Portlanders were especially upset when local papers revealed in 2004 that the region’s planning had been manipulated by a “light‐​rail mafia,” led by former Portland Mayor Neil Goldschmidt, that directed rail construction contracts and developer subsidies to an inside group of contractors and builders. Meanwhile, budgets for schools, fire, police, and public health have all been cut, as property taxes that would normally go to those services have been diverted to subsidies for rail transit and high‐​density developments.

Portland officials spend more than half the region’s transportation funds on transit, but that doesn’t mean Portlanders ride it. In fact, since Portland began building rail transit in the 1980s, transit’s market share of commuting has actually declined from 9.8 percent to 7.6 percent, mainly because the high cost of rail in a few corridors forced the transit agency to reduce bus service in some parts of the region and prevented improvements in others.

Remember last year’s high gas prices that led some transit agencies to record 15 to 20 percent gains in ridership? Oregon had some of the highest gas prices in the nation, yet Portland transit ridership only grew by 0.1 percent. So much for Portland being “the city that loves transit.”

Light rail and streetcars may be cute, but they are S‑L-O‑W. Portland’s fastest light‐​rail line averages 22 miles per hour. Portland’s streetcar goes about 7 miles per hour. I am waiting to see a developer advertise, “If you lived here and rode transit home from work, you’d still be sitting on the train.”

The developments supposedly stimulated by new light‐​rail and streetcar lines? They were built only after the region started handing out billions of dollars in subsidies after the transit lines were built.

When Portland opened its first light‐​rail line in 1986, the city immediately zoned the land near light‐​rail stations for high‐​density developments. A decade later, not a single transit‐​oriented development had been built in these areas.

To generate such developments, then‐​city Commissioner Charles Hales urged the city to offer property tax waivers, grants, and other subsidies to developers. “It is a myth to think that the market will take care of development along transit corridors,” said Hales.

To date, Portland’s subsidies have exceeded $1.5 billion, and its suburbs and other agencies in the region have provided even more. Hales neglects to mention this today because he now works for a consulting firm selling streetcars to other cities.

Among the subsidies, the city has sold parks, school playgrounds, and other lands at below‐​market prices to developers on the condition that they replace those open spaces with transit‐​oriented developments. So much for livability.

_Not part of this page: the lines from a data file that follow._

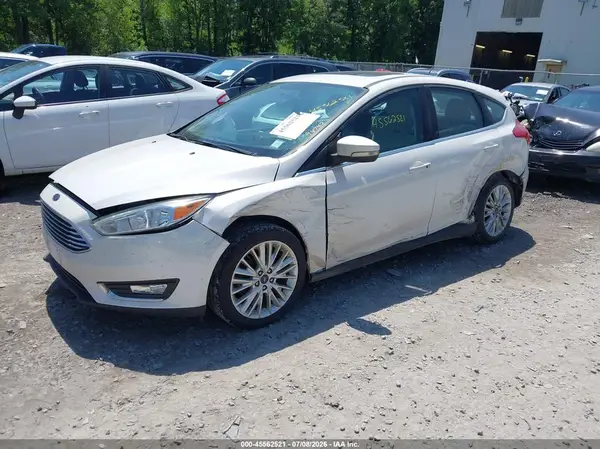 1FADP3N2XJL325902 2018 FORD FOCUS - Image 2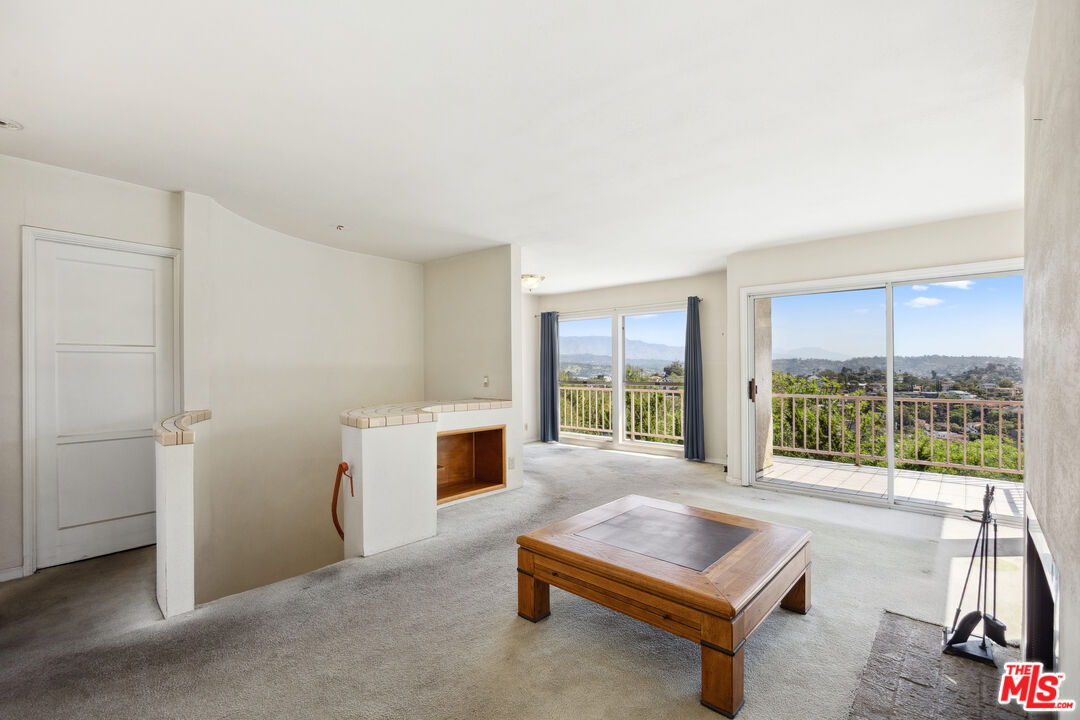 2246 N Ronda Vista Dr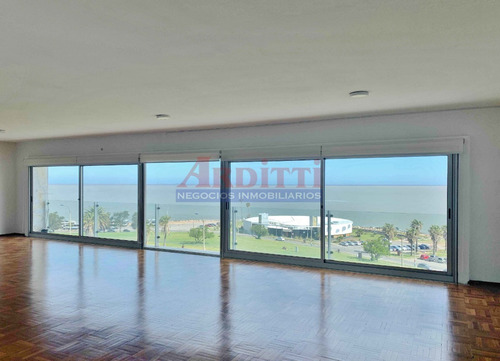 Imagen 2 de 30 de Venta Apartamento 4 Dormitorios Pocitos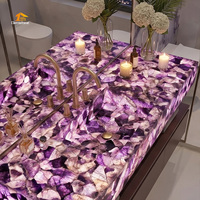 Plan de toilette de luxe pour salle de bain commerciale en pierre translucide de fluorite améthyste violette rétroéclairée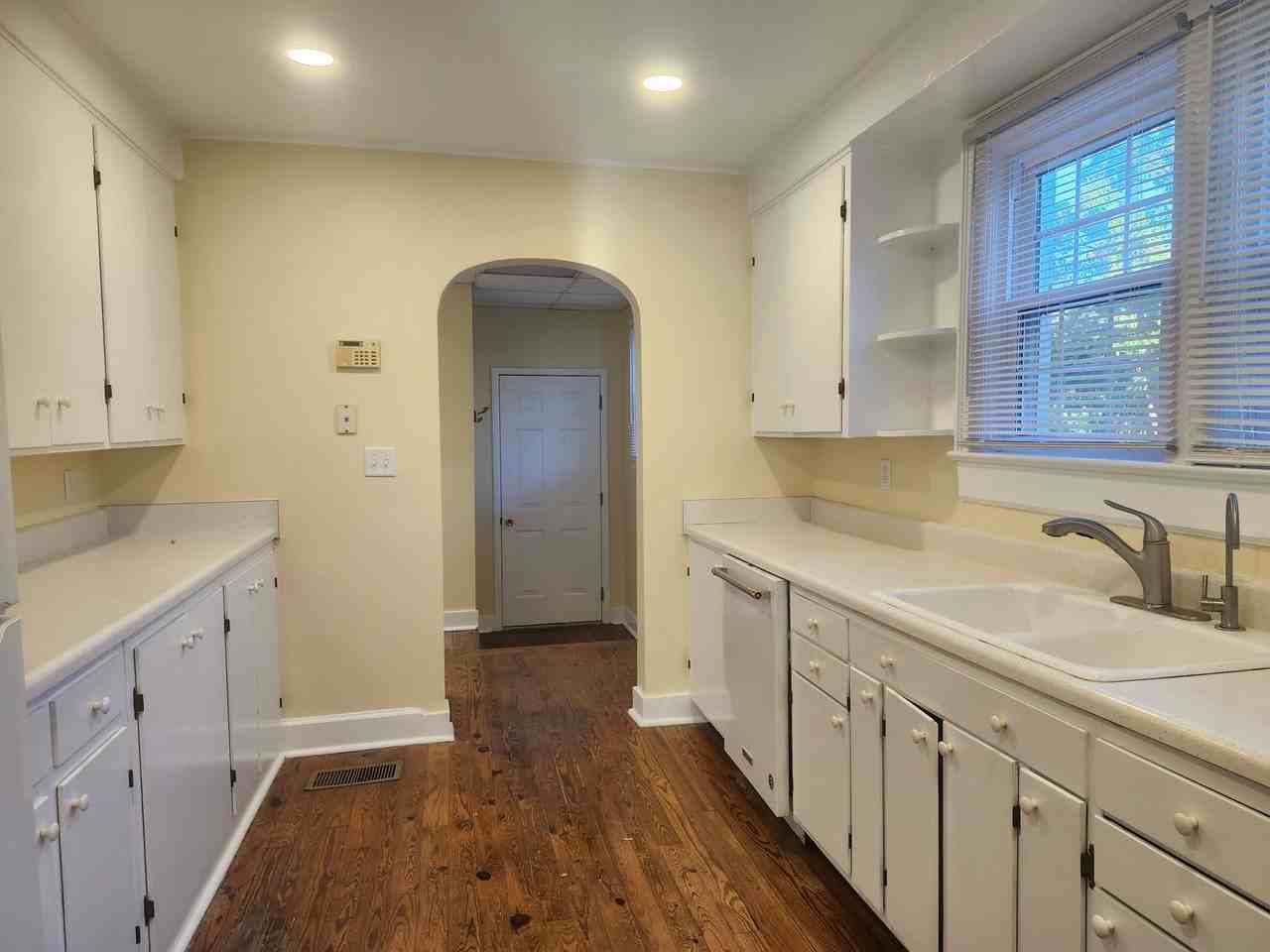 119 Mcfarland Ave - Photo 3 of 26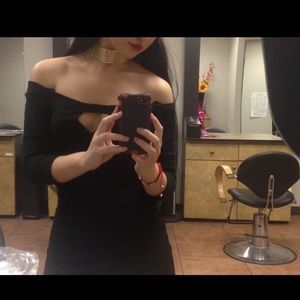 Vintage shop Off the shoulder bodycon midi dress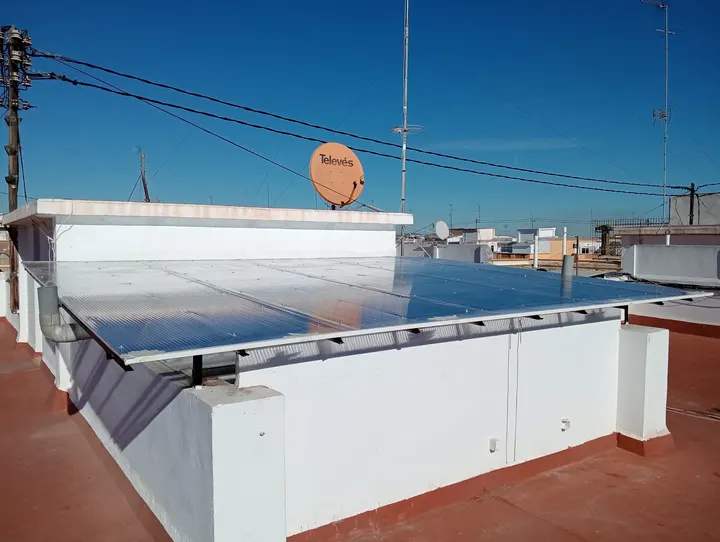 Òrbita Espai D'acrobàcia Aèria — aerial-studio en el Grau, Valencia — 3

Portland has also learned that the so‐​called transit‐​oriented developments work only if they have plenty of parking. Though often located a few steps from light‐​rail stations, most of the people living in these developments still drive for most of their travel. That simply adds congestion to already crowded streets.

The question for Portland today is how voters can stop the light‐​rail mafia before it does any more damage. The question for officials visiting from Milwaukee and other cities is how they can avoid making the same mistakes as Portland. The answer is to look at Portland only as an example of how not to plan.